The stress factor with school escalated up a few notches the other day when I realized I hated my practicum site, that they were totally unethical, and that I wanted out. I met with my supervisor on campus last night and accomplished getting out. It left me with some free time this week and what does Jules like to do her in free time? Yep, the boys!
Owen texted me this morning to see when I was free this week. His birthday is on Thursday, so he's wanting some birthday sex. Incidentally, April is my favorite month because we fuck like bunnies this month with all the birthday sex mixed in with our normal sex. I told him as it happened I was free until 2pm today. He suggested lunch at my place.
In the interim, Gavin called to see what I was up to today. I told him I'd quit practicum and was in the process of finding a new site. He said he had to work and suggested I come hang out at the beach where he was trimming trees. I said I would and then about 15 minutes later he showed up at the house wanting some late morning sex. Who I am to deny this request, so I happily complied. I blew him and then he flipped me over and gave it to me super hard until he filled me with cum. Once he finished I pretty much rushed him out of the house to work because I knew Owen would be here in like 15 minutes (Yep, I'm a busy girl and I love it - judge all you want.)
Owen walks in and I'd told him since it was his birthday week he could have anything he wanted only I kind of took it back a little. He came in and I was playing with my glass toy (still my favorite!) and he climbs on top of me and starts rubbing his cock against me while I am playing with myself. Finally he tried to enter me with the toy in but it's such a weirdly angled toy it wouldn't work, so I pulled it out and eagerly took him in. He had me cumming in seconds and then he said he wanted my ass. He asked if he could go straight in and I said yes, but that I wanted to flip over. He flipped me and I just thought I soaked the sheets the other day. Holy Mother he had me cumming so hard there was a puddle...lol. I swear it was literally some of the best yet b/c I think I was just super stressed out and he relaxes me so much that I just totally let go. He came pretty quickly for him because it was just that kind of good sex today, but I felt guilty for not giving it to him exactly like he wanted.

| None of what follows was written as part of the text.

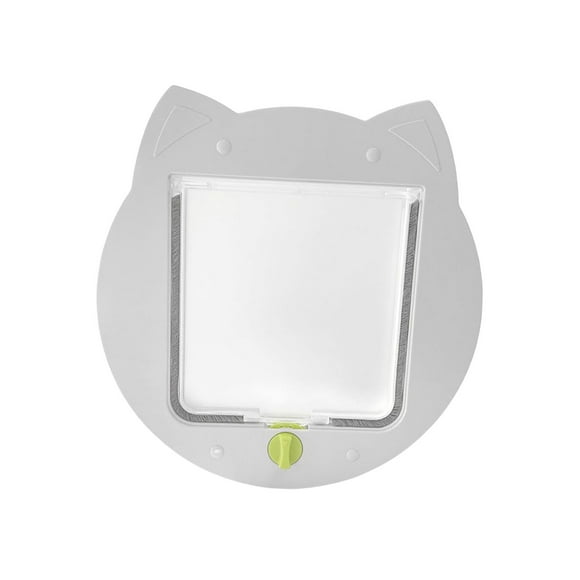 Puerta portátil para gatos, puerta para gatitos, suministros para mascotas, resistente a la intemperie, fácil de instalar, puerta para mascotas para Sunnimix puerta de gato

We finished and he rolled over and laid on my pillow rubbing my body for a while. I was finally able to move again (and I do mean that literally) and I rolled over and started licking and sucking him. He said he'd cum too much and too hard mere minutes before and couldn't get hard again that fast, but he wanted to play with me with my toys. He did and I came again really hard and then I actually had to ask him to stop b/c it was too intense. He was surprised...I've only told him once before that I couldn't cum anymore right then. He had literally depleted me. I was lightheaded and deliriously happy.
When we were showering, I invited him back Friday for lunch if he can break away since I have to work on his actual birthday. As I was finishing my shower and he was dressing, I asked him "Are you happy?". He stammered out "Wh-wh-what do you mean?" Instantly I realized what I'd said...I was simply asking if he was happy today and leaving satisfied because of my aforementioned guilt over getting it my way. I think he took that question on a much deeper level. I quickly clarified and he assured me he was very happy with today. Bless his heart though, clearly he's not happy- happy or he wouldn't be having an affair.
While we were fucking, Gavin was calling me telling me where on the beach he was. I called him back after Owen left and headed up to meet him. I'd never been to this particular spot and it was amazingly beautiful. We hung out on the beach, ate lunch, drank some beer, swam, and I got to watch his hot ass climb up a big tall coconut tree and trim it. I don't know why, but there is something super sexy about that to me.
Over dinner tonight, Russell made an interesting observation. For a long time, he lost interest in cooking. I learned how and we pretty much split it now as to who cooks here, which is funny because I refused to cook when we were together. Anyway, he remarked that he had a theory about why he was interested in cooking new things and why he was interested in cooking again period. He said it's because I cook for people to enjoy and I'm finally ready to do that for you again. We're getting back to good and that makes me happy. It was the goal of this divorce and I see it coming along day by day. We've both let go of a lot of the hurt and anger and that feels fantastic.